● **PROBLEM TO SOLVE**
Word for word, repeat the data that follows. Do not include the pictures.

● **DATA EXCERPT**
+ + +
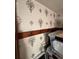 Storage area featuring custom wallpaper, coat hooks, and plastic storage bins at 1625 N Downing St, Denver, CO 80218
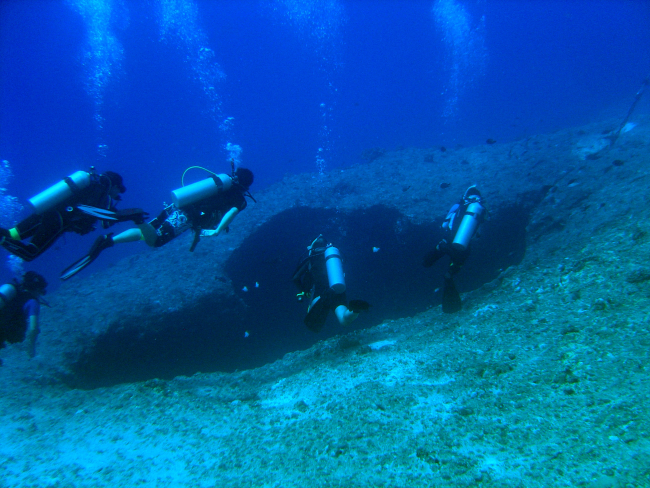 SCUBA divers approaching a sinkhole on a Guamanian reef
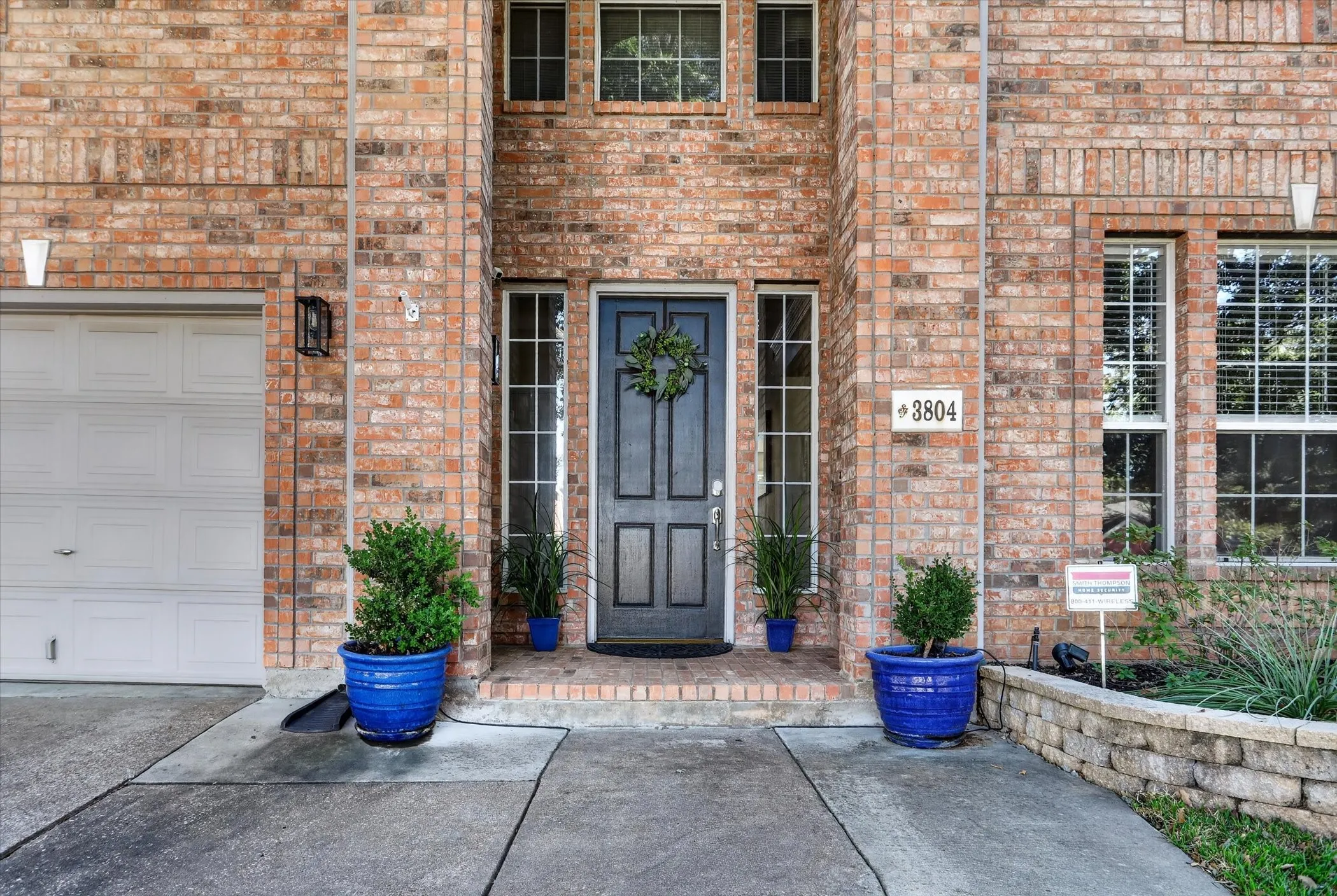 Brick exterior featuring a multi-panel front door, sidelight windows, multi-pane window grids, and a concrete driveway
+ + +
● **REPLY**
 Storage area featuring custom wallpaper, coat hooks, and plastic storage bins at 1625 N Downing St, Denver, CO 80218
 SCUBA divers approaching a sinkhole on a Guamanian reef
 Brick exterior featuring a multi-panel front door, sidelight windows, multi-pane window grids, and a concrete driveway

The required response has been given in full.